PG&E also proposes a subaccount for Bidding Company Contract Costs, while Edison and SDG&E propose a subaccount for Other Industry Restructuring Related Costs.

We discuss each subaccount below.

a. Employee Transition Costs

PG&E's draft Preliminary Statement language for this subaccount is complete and consistent with § 375. In their compliance filings, Edison and SDG&E should use PG&E's language. Section 375 limits recoverable employee-related transition costs to "severance, retraining, early retirement, outplacement and related expenses for the employees" and excludes costs associated with "officers, senior supervisory employees, and professional employees performing predominantly regulatory functions." We further note that recoverable costs include only costs resulting from restructuring, and not similar costs arising from other aspects of the utility's business strategy. The utilities should be prepared to demonstrate that the costs recorded in this subaccount fall within these limitations.

b. Direct Access Implementation Costs

At this time, establishment of a subaccount to recover costs associated with implementation of direct access, as described in the draft Advice Letters, is premature. We currently have before us several policy issues related to direct access that may determine whether or not certain costs are associated with the utilities' implementation of direct access. For example, we are considering whether we should adopt standards for real-time pricing metering equipment that would lead to competitive provision of metering service.
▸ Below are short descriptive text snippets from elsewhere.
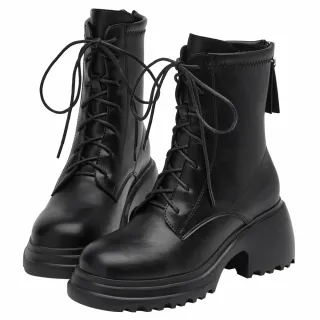 【Grace Gift】韓團必備圓頭輕量厚底綁帶短靴(黑)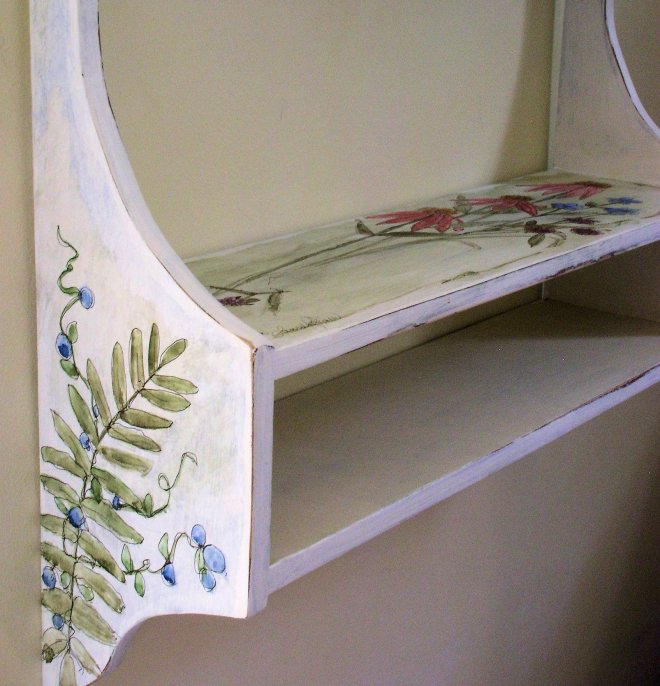 Hand Painted Cottage Shelf with Painted Wildflowers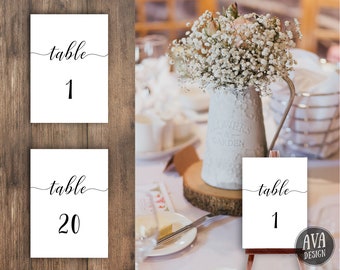 PRINTABLE Table Numbers | Table Numbers Wedding | Table Numbers Printable | Table Numbers | Rustic Table Numbers | Wedding Table | WEDSIM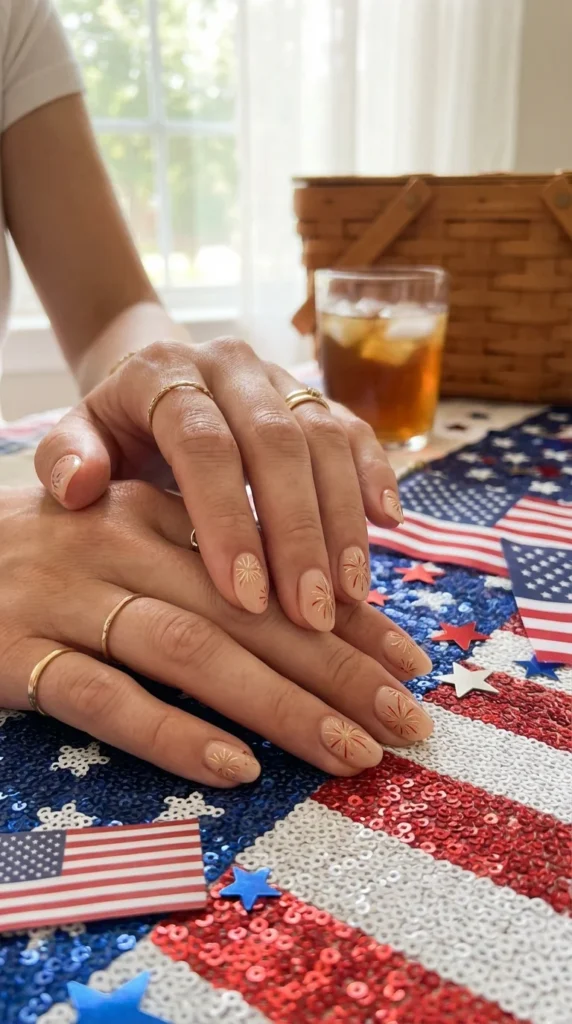 Fireworks-inspired nail art Independence Day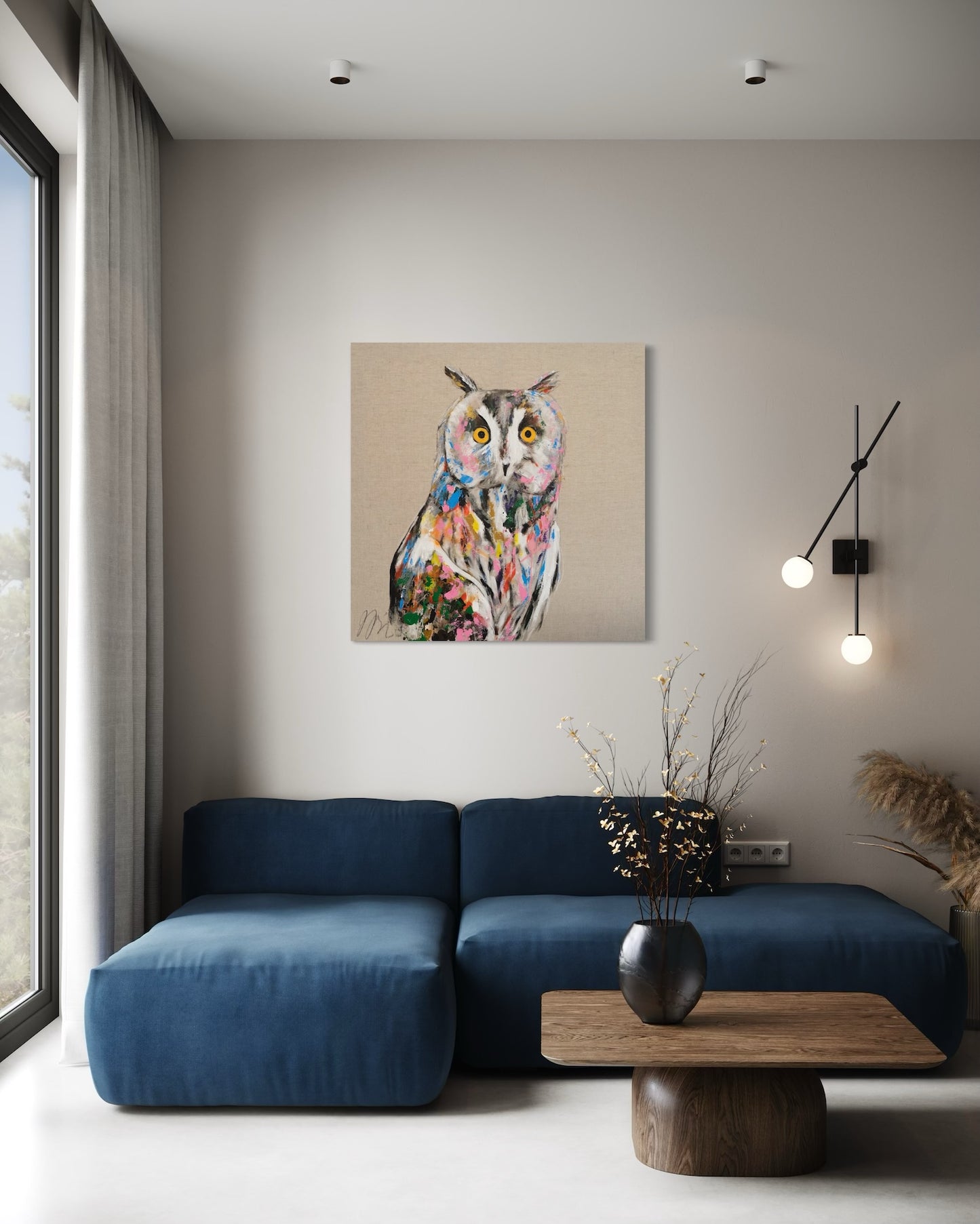 Title of artwork "Owl" contemporary painting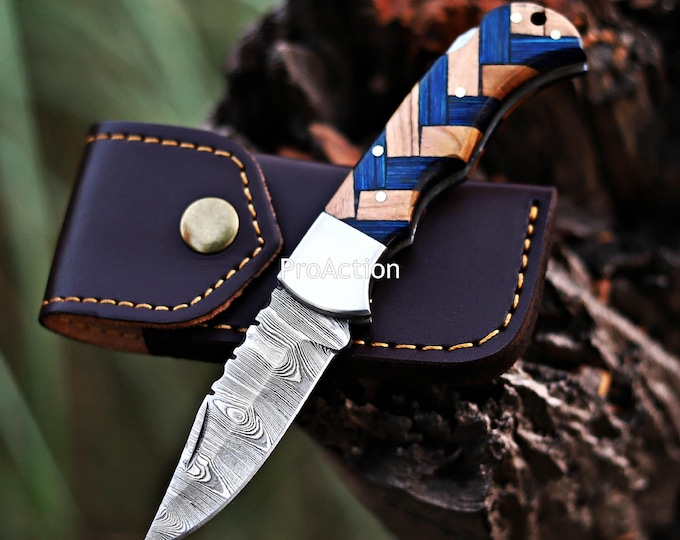 Handmade Damascus Pocket Knife Olive Wood Birthday Gift Folding Knife Groomsmen Gift Anniversary Wedding Personalized fathers day gift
Also, on November 26, PG&E, SDG&E, and Edison submitted joint comments requesting approval of a Consumer Education Plan (CEP) and the hiring of a consultant to further develop and implement the CEP. The CEP was recommended in the Consumer Protection and Education Report filed by the Direct Access Working Group on September 30, 1996. The utilities also request recovery of the incremental costs associated with CEP development and implementation.
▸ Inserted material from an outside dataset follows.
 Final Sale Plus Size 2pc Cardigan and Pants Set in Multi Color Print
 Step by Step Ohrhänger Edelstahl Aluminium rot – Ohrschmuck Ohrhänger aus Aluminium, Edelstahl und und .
We agree that a subaccount for CEP should be authorized once we have reviewed the CEP and have identified expenditures that should be recorded in this subaccount. Until we have performed that review, however, it will be difficult and unnecessary to define the applicability of this account. We will not authorize this account at this time, but we are in no way prejudging the pending issues related to the unbundling of utility revenue cycle services(9) and the consideration of consumer education and protection measures.

c. Bidding Systems Costs

This subaccount would record costs associated with the systems to bid and settle transactions made through the ISO and Power Exchange. At this time, establishment of a subaccount to recover costs associated with bidding systems costs, as described in the draft Advice Letters, would be premature. FERC's Phase II decision will address issues surrounding bidding systems standards and protocols. In addition, these costs are expected to be borne by generators in the marketplace, not by ratepayers.

d. Additional Metering Costs (also called Generation Metering Costs)

This subaccount would record costs associated with installing metering and data collection systems at utility transmission substations and fossil, geothermal, and hydroelectric generating units, as required by the ISO and PX. Our view on establishing a subaccount to recover costs associated with additional metering costs is identical to the preceding discussion of bidding systems costs. It is premature to establish this subaccount pending FERC's Phase II decision.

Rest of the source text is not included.